• _YOUR TASK_
Only the pictures are to be dropped; the rest of the data below is to be duplicated exactly.

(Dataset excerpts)
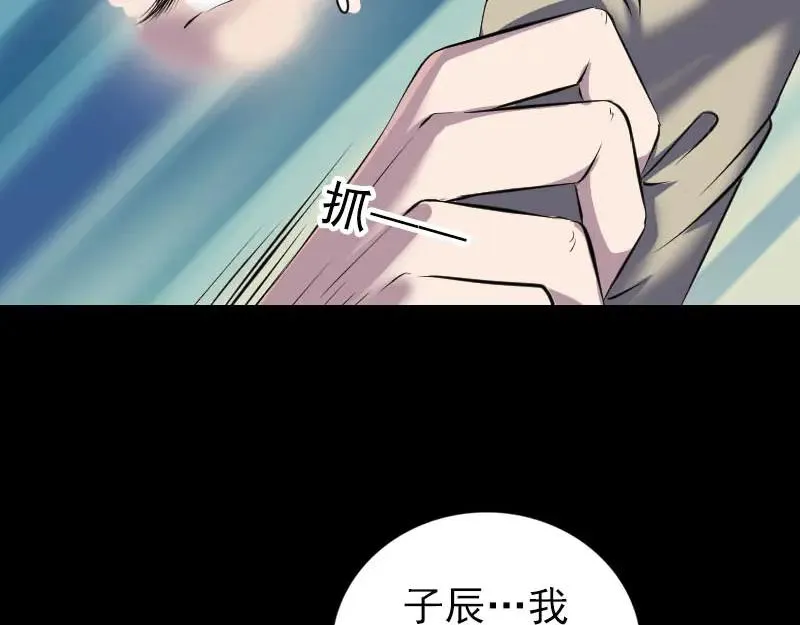 第306话 今非昔比 第35页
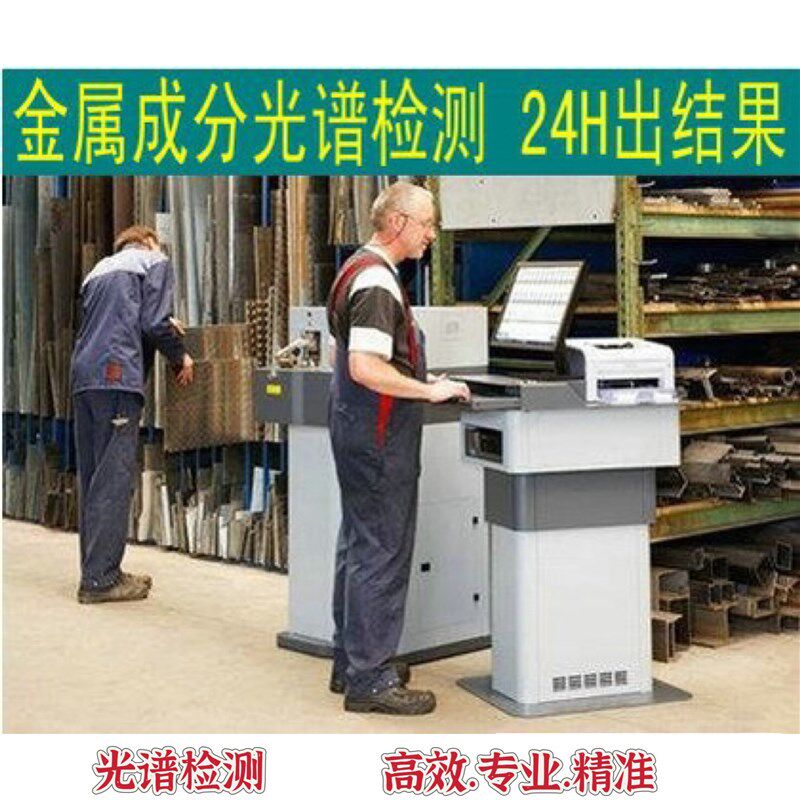 金属含量检测  台式光谱成分检测 铜铝不锈钢钛合金材料牌号鉴定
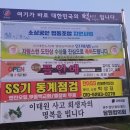 세진주유소 이미지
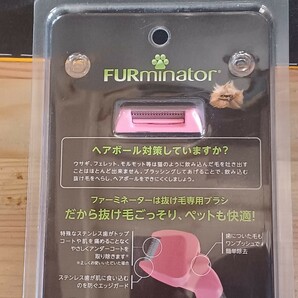 ②ファーミネーター 抜け毛除去ブラシ 小動物用（うさぎ、フェレット等） 日本仕様正規品 未使用保管品の画像5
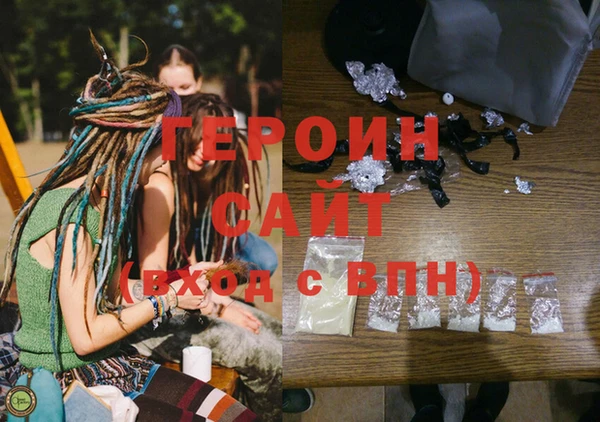 мескалин Белокуриха
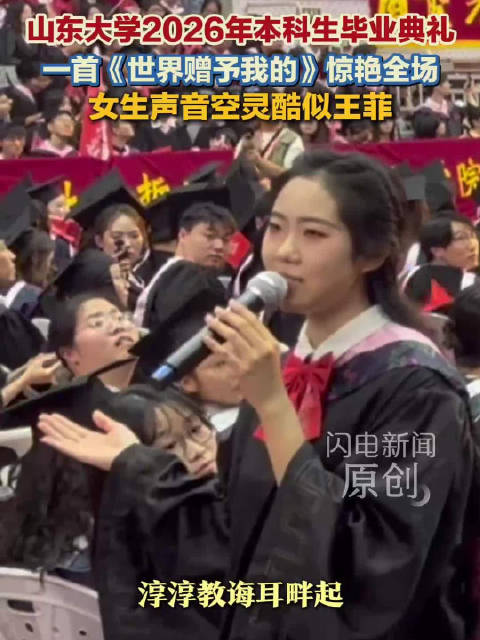 女生毕业典礼唱歌声音空灵似王菲
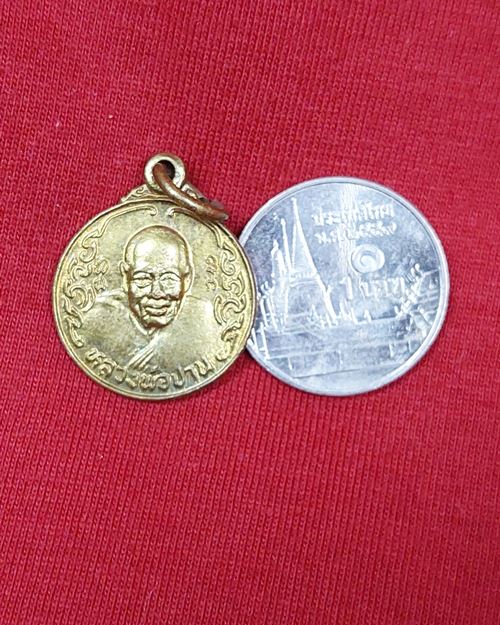 เหรียญกลมเล็ก หลวงพ่อปาน หลังหลวงพ่อทองอยู่ เนื้อฝาบาตร ปี 23วัดบางเสร่ อ.สัตหีบ (ศิษย์หลวงพ่อปาน)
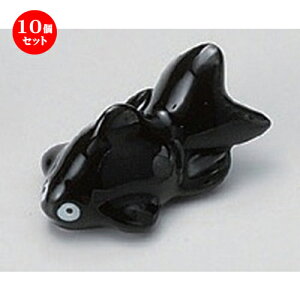 10Zbg u u [ 5 x 3.5 x 2.5cm 32g ] | u u ͂  Jg[ H Ɩp HX JtF    킢  Mtg v[g o j
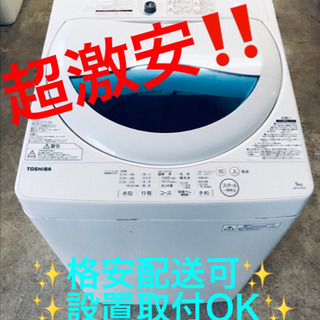 AC-313A⭐ ✨?在庫処分セール?✨ TOSHIBA電気洗濯機⭐️
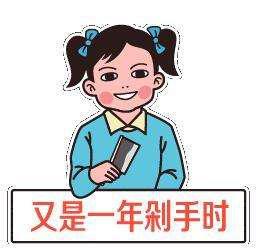 闲鱼为什么不能搜索金币,咸鱼之王多余的英雄怎么处理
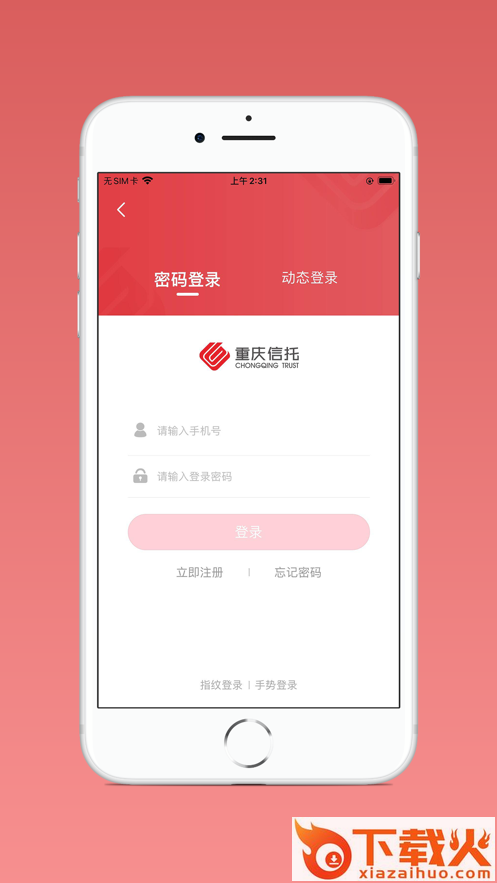 重庆信托截图1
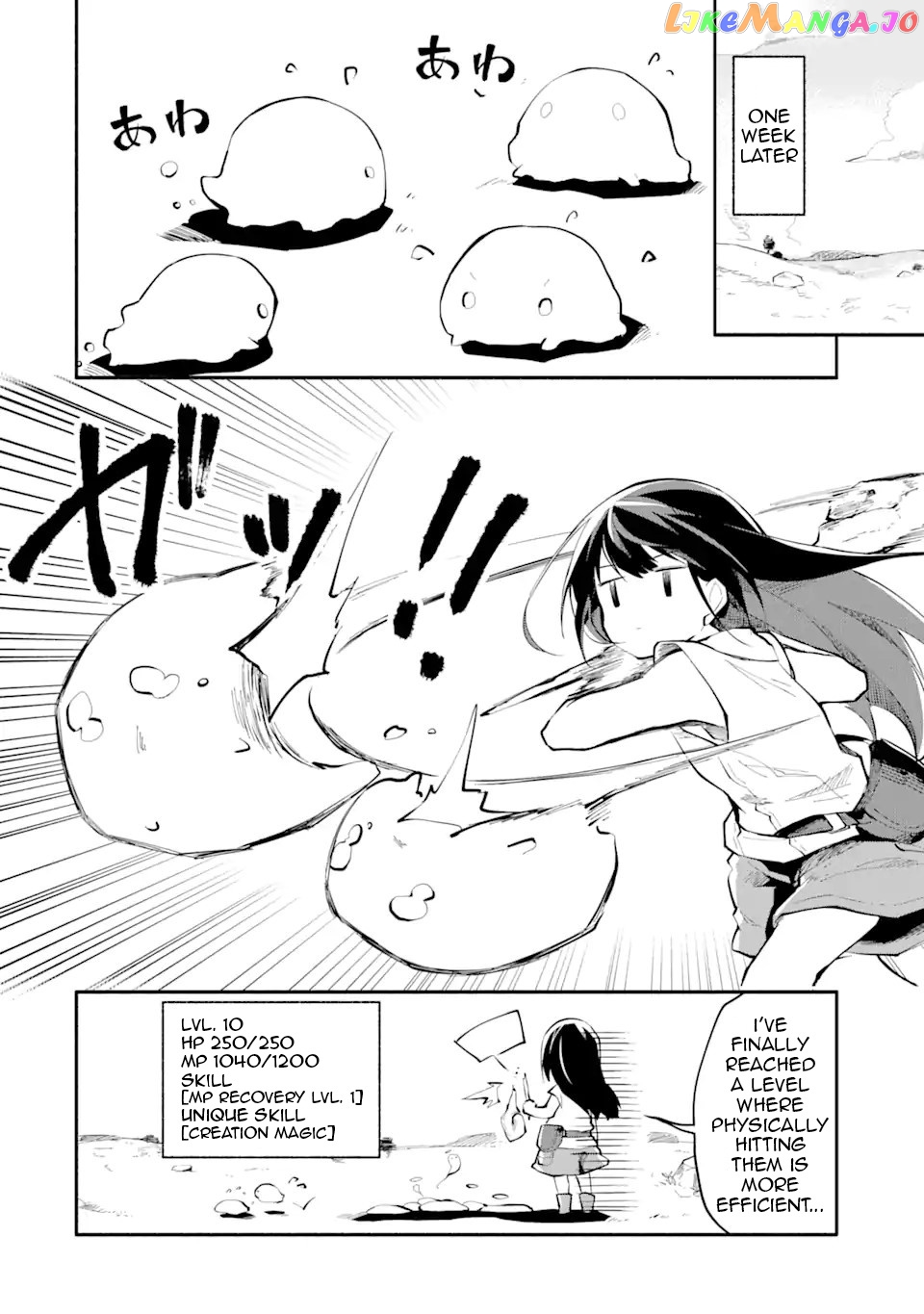 Maryoku Cheat Na Majo Ni Narimashita ~Souzou Mahou De Kimama Na Isekai Seikatsu~ chapter 1.2 - page 4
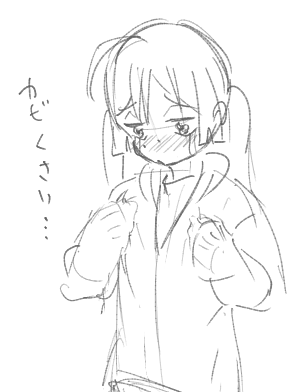 うぅぅ(';ω;`)
服カビてる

• _RESULT_
 第306话 今非昔比 第35页
 金属含量检测  台式光谱成分检测 铜铝不锈钢钛合金材料牌号鉴定
 세진주유소 이미지
 ②ファーミネーター 抜け毛除去ブラシ 小動物用（うさぎ、フェレット等） 日本仕様正規品 未使用保管品の画像5
 мескалин Белокуриха
 女生毕业典礼唱歌声音空灵似王菲
 เหรียญกลมเล็ก หลวงพ่อปาน หลังหลวงพ่อทองอยู่ เนื้อฝาบาตร ปี 23วัดบางเสร่ อ.สัตหีบ (ศิษย์หลวงพ่อปาน)
 10Zbg u u [ 5 x 3.5 x 2.5cm 32g ] | u u ͂  Jg[ H Ɩp HX JtF    킢  Mtg v[g o j
 AC-313A⭐ ✨?在庫処分セール?✨ TOSHIBA電気洗濯機⭐️
 闲鱼为什么不能搜索金币,咸鱼之王多余的英雄怎么处理
 重庆信托截图1
 Maryoku Cheat Na Majo Ni Narimashita ~Souzou Mahou De Kimama Na Isekai Seikatsu~ chapter 1.2 - page 4
 うぅぅ(';ω;`)
服カビてる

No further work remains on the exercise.